Aus: WWD 2002, Ausgabe 76, S. 15-17
Sabine Hirler
"Backe, backe Kuchen, der Bäcker hat gerufen" - Wer kennt sie nicht, diese einfachen Lieder und Kniereiter für die ganz Kleinen. Woher kommt diese elementare Faszination der Babys, Kleinkinder und Kinder bis weit in das Grundschulalter an Spielliedern und rhythmischen Reimen?

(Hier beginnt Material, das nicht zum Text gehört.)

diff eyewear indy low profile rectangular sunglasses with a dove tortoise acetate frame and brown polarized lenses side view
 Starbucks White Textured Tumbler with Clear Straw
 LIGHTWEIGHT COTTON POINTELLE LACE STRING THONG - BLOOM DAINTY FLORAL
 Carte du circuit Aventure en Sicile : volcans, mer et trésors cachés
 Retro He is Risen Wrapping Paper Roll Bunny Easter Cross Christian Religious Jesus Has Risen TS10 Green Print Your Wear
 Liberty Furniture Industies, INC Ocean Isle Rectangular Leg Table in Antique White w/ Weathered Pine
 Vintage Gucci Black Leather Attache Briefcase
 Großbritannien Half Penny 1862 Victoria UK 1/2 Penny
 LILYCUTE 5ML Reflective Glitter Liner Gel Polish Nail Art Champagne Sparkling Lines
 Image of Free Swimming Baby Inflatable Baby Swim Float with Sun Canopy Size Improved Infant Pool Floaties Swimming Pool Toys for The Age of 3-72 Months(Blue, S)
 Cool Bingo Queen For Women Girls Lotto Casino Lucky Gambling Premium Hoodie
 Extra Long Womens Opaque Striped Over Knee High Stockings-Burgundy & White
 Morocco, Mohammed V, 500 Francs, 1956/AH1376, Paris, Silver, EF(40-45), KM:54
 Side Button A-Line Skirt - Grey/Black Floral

Sprache und Stimme haben zweierlei Funktionen. Einerseits drückt das Kind mit seiner Stimme die individuelle Befindlichkeit aus (z.B. das Schreien von Kleinkindern und Babys). Andererseits werden Personen und Gegenstände mittels der Sprache zu Begriffen, die es dem Kind ermöglichen, sich auszudrücken und sich zusätzlich zur motorischen Betätigung durch sprachliche Kommunikation die Welt zu eigen zu machen. Dieser komplexe Prozess von Handeln - Begreifen - Sprechen und Denken ist die Grundlage der Intelligenzentwicklung und stark von der interaktiven Kommunikation der sozialen Umwelt abhängig - jedoch bis zu einem gewissen Grad auch von genetischen Strukturen.
Kinder lernen durch aktive sprachliche Kommunikation mit ihrem sozialen Umfeld das Zusammenspiel sprachlicher Komponenten, die jedoch je nach Kulturkreis verschieden sind. Denn der Spracherwerb der Muttersprache ist vom jeweiligen Kulturkreis mit seinen charakteristischen Lauten abhängig, sogar im Bereich der Lautmalerei. Kinder ab ungefähr dem zwölften Monat verlieren die Fähigkeit, Laute zu unterscheiden, die von ihrer Muttersprache abweichen. Sie vollziehen sozusagen ein genetisch programmiertes "Sprachlernprogramm", bei dem sie sich in den folgenden Monaten auf die praktische Umsetzung - das Sprechen der Muttersprache - konzentrieren können.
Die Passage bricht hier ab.